Optionally, the performing joint modeling based on the target dataset includes:

and performing data alignment processing and feature extraction processing on the target data set to respectively obtain an alignment data set and a feature data set corresponding to the target data set, and performing joint modeling based on the target data set, the alignment data set and the feature data set.

Optionally, the historical modeling data includes the number of times of successful modeling of the data set and an initial score of the modeling participant on the data set after each successful modeling, and the calculation formula of the comprehensive score is as follows:

wherein, Y_iThe comprehensive score of the ith data set in the target data set group is calculated, M is the modeling success frequency of the data set with the minimum modeling success frequency in the target data set group, N is the total score of the ith data set in the target data set group_iThe number of modeling successes for the ith data set in the target data set group, A is the average of the initial scores of all data sets in the target data set group, S_iIs the average of the initial scores of the ith data set in the target data set group.

Optionally, the "determining the target leaf node label corresponding to the joint modeling request based on the data set requirement text" is replaced with:

displaying a cascade label selection interface corresponding to the label tree to an interface of the first client, so that a user of the first client can select a target leaf node label based on the cascade label selection interface.

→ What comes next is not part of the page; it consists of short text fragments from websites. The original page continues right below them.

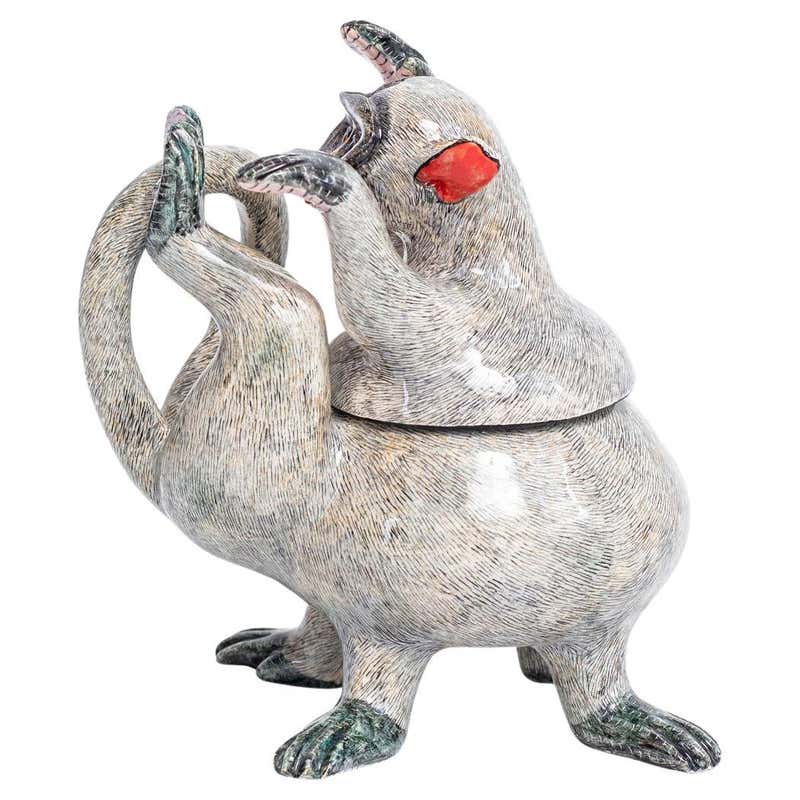 Ceramic Monkey Jewelry Box , hand made in South Africa For Sale at 1stDibs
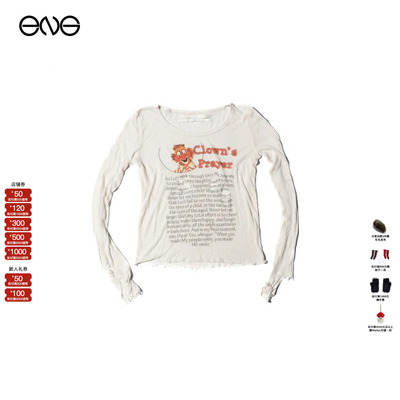 【ENG】Praying Clown L/S印花长袖T恤女装新品25冬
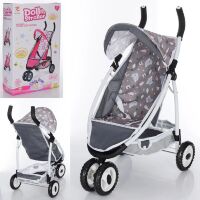 Коляска Прогулянкова для ляльки 69030 Лялькова металева з багажної кошиком / сіра**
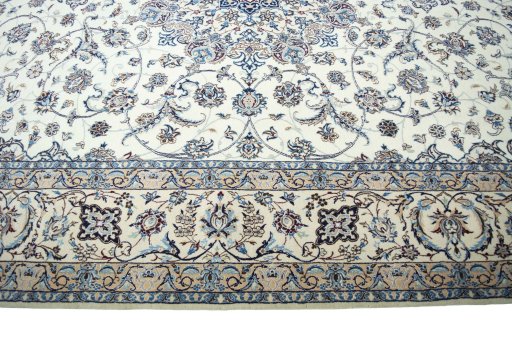 Corner detail of New Nain rug showing border pattern and Cork pile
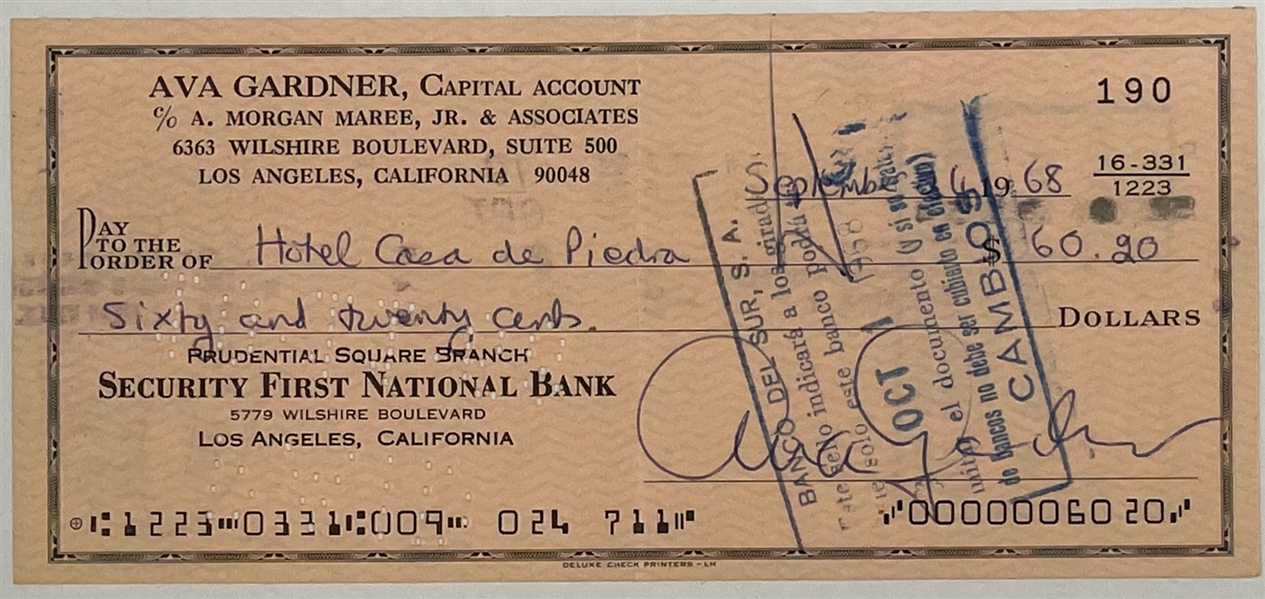 Ava Gardner Signed Personal Check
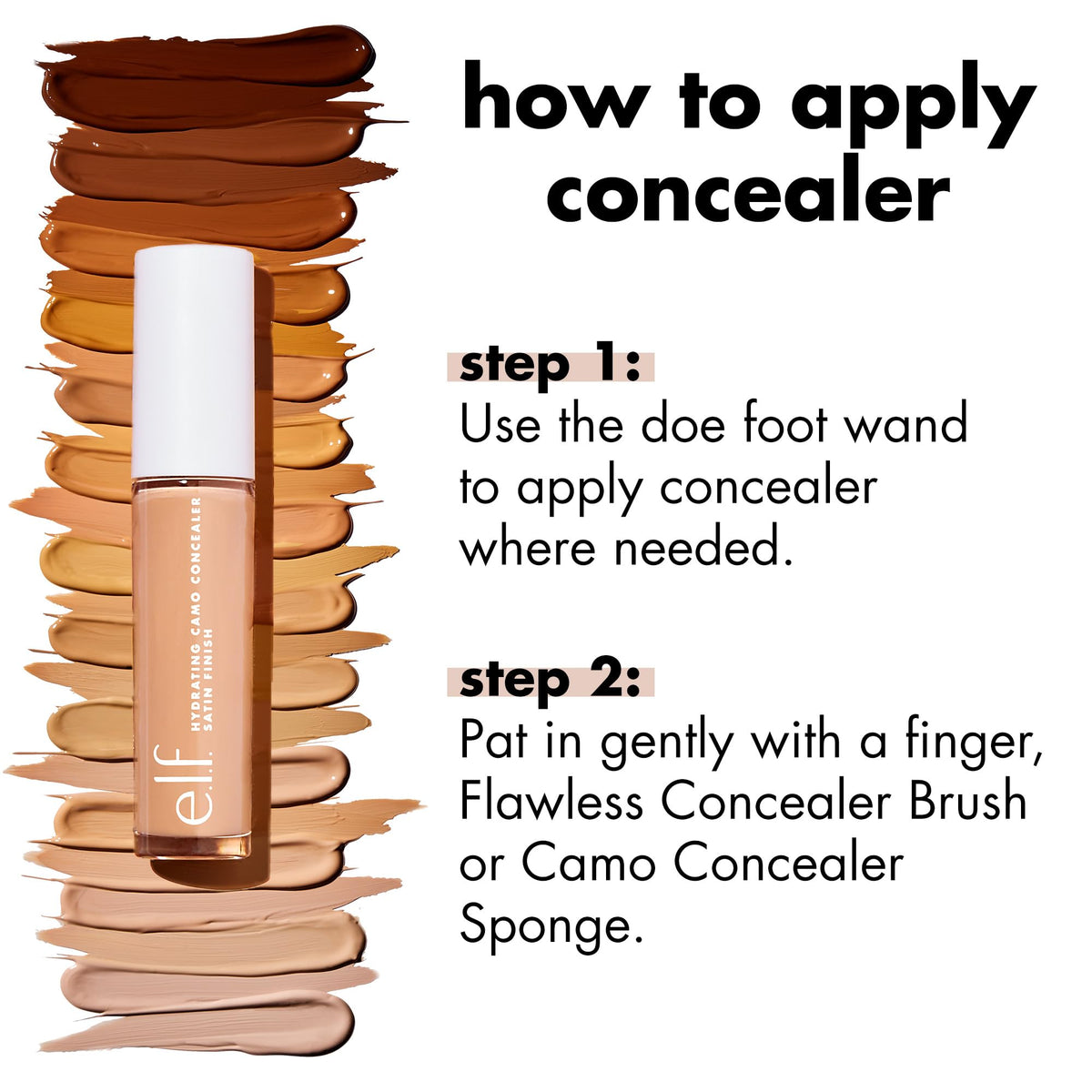 e.l.f. Hydrating Camo Concealer, Satin Finish, Conceals, Corrects & Highlights, Fair Warm, 0.203 Fl Oz (6mL)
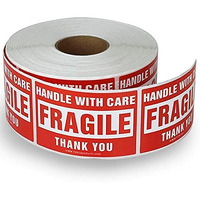 Enko - 2 X 3 Inch Fragile Stickers Handle With Care Warning Packing Shipping Label - Permanent Adhesive (1 Roll, 500 Labels)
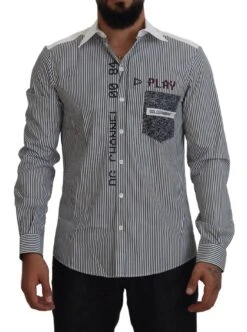 Dolce & Gabbana Gray White Striped Slim Fit Men's Shirt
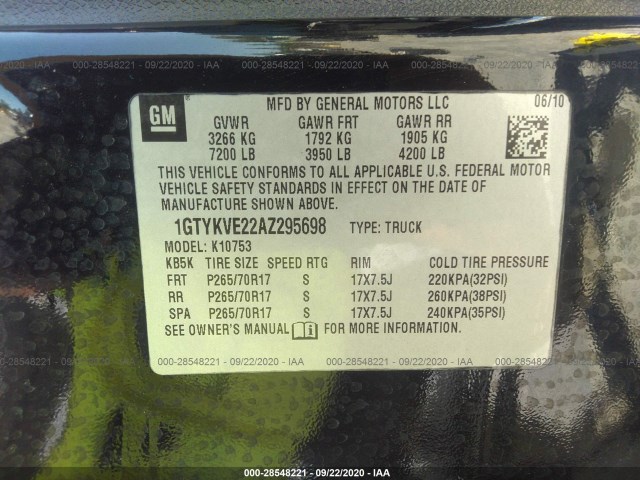 Photo 8 VIN: 1GTYKVE22AZ295698 - GMC SIERRA 1500 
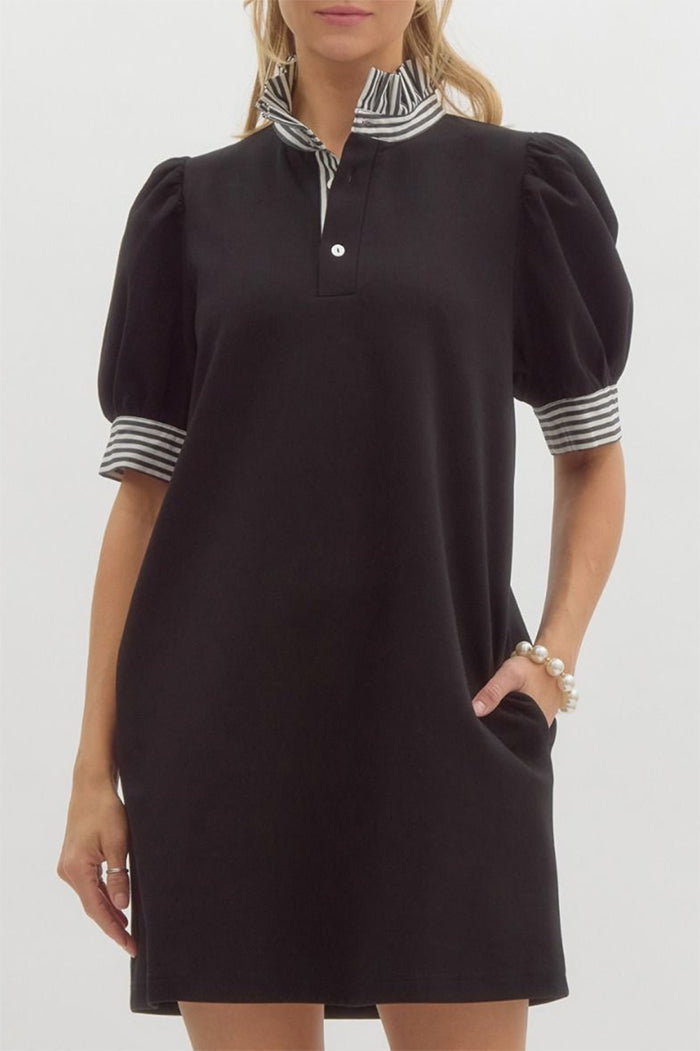 Stripe Collar Pocket Dress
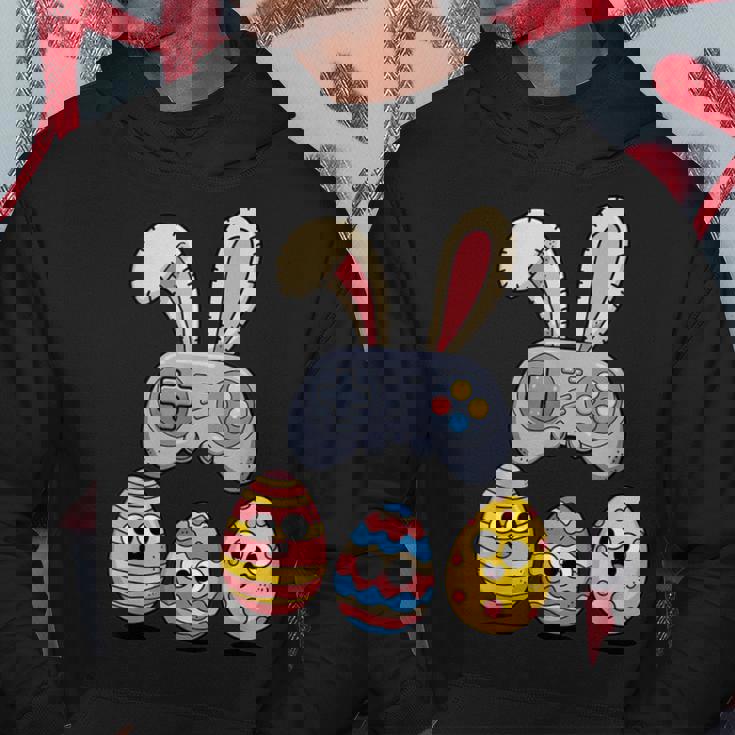 面白いイースタービデオゲームコントローラーと卵 パーカー 面白い贈り物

In order to solve the above problem, the present invention further provides a user classifying device, including:

the system comprises an establishing module, a data set group creating module and a data set group creating module, wherein the establishing module is used for analyzing a combined modeling request aiming at a user classification model sent by a first client, acquiring a data set requirement text carried by the combined modeling request, acquiring description information of data sets corresponding to all federates from a first database, establishing hierarchical labels for all the data sets based on the description information, establishing a label tree based on the hierarchical labels, and cooperating the data sets corresponding to the same leaf node label in the label tree into a data set group;

the calculation module is used for determining a target leaf node label corresponding to the joint modeling request based on the data set demand text, taking a data set group corresponding to the target leaf node label as a target data set group, acquiring historical modeling data of each data set in the target data set group from a second database, and calculating a comprehensive score of each data set in the target data set group based on the historical modeling data;

the modeling module is used for sequencing the data sets in the target data set group according to the sequence of the comprehensive scores from high to low, determining a target data set based on a sequencing result, and performing combined modeling based on the target data set to obtain a target user classification model;

and the classification module is used for analyzing a user classification request sent by a second client, acquiring user data carried by the user classification request, and inputting the user data into the target user classification model to obtain a user classification result.

In order to solve the above problem, the present invention also provides an electronic device, including:

at least one processor; and the number of the first and second groups,

a memory communicatively coupled to the at least one processor; wherein the content of the first and second substances,

the memory stores a user classification program executable by the at least one processor, the user classification program being executable by the at least one processor to enable the at least one processor to perform the user classification method described above.

In order to solve the above problem, the present invention also provides a computer-readable storage medium having a user classification program stored thereon, the user classification program being executable by one or more processors to implement the user classification method described above.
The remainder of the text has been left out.